Crawled caption data:
*** Begin section ***
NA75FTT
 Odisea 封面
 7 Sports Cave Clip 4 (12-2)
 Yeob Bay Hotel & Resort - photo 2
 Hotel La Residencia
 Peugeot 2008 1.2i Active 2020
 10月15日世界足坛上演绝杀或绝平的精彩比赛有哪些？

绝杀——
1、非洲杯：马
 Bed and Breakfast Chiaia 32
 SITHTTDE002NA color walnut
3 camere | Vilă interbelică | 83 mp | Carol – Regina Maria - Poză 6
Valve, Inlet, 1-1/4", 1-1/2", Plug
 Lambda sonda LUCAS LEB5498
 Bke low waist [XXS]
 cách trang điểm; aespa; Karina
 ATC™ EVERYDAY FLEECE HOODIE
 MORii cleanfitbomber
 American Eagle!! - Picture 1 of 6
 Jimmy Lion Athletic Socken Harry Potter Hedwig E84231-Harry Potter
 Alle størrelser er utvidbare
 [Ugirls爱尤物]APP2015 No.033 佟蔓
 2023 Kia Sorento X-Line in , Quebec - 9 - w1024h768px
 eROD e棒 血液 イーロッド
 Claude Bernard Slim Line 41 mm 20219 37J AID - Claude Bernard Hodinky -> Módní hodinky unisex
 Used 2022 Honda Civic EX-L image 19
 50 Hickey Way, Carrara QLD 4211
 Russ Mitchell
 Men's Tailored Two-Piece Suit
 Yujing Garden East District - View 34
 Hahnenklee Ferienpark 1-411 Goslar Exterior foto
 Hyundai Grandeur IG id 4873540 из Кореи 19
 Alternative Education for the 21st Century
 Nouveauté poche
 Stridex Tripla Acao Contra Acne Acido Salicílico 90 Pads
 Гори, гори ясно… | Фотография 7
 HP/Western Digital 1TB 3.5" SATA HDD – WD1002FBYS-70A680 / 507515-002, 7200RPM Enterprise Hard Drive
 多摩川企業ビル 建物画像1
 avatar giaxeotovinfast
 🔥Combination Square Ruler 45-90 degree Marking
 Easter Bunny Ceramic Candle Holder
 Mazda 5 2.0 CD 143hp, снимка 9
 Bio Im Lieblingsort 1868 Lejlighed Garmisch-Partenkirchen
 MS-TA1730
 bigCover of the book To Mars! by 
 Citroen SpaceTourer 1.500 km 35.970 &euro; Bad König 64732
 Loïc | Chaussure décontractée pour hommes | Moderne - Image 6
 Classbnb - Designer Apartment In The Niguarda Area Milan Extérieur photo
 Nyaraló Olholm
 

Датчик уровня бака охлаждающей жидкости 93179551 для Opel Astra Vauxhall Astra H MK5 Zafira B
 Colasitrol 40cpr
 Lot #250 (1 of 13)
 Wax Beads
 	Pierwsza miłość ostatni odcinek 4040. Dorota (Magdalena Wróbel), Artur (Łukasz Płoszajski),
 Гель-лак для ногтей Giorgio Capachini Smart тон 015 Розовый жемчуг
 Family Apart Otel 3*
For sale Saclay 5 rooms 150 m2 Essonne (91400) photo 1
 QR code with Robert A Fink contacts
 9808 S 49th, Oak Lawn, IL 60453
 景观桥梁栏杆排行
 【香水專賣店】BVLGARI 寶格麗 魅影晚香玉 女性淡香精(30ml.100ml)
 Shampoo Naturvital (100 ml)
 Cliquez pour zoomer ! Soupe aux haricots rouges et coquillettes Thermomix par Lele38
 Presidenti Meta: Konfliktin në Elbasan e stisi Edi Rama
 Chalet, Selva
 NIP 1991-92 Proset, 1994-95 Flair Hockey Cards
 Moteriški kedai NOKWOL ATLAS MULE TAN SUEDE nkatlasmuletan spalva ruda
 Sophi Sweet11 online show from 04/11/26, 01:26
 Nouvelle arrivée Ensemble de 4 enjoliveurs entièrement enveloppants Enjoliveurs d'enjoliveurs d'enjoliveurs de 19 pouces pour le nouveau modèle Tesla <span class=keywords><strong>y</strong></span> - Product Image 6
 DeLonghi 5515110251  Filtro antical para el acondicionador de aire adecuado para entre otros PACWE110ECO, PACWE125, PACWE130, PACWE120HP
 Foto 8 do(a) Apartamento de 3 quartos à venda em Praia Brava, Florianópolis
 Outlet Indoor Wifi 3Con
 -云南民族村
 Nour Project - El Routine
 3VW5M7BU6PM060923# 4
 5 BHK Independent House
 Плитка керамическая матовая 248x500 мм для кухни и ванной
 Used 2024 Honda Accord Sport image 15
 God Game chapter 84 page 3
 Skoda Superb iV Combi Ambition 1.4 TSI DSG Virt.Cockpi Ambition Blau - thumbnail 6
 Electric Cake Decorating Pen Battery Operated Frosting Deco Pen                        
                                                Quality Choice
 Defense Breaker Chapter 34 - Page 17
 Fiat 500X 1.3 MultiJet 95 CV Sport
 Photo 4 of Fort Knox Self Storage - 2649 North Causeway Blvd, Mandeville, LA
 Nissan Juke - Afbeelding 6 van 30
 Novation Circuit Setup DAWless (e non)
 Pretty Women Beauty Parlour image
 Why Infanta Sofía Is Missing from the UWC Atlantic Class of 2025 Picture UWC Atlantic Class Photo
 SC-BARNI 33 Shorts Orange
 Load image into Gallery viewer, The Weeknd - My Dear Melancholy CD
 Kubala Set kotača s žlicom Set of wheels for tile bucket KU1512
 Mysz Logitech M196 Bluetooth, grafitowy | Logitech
*** End section ***
WHAT IS EXPECTED: Show the lines of the entries that include the string "Used", copying each in full.

ANSWER SPACE:
 Used 2022 Honda Civic EX-L image 19
 Used 2024 Honda Accord Sport image 15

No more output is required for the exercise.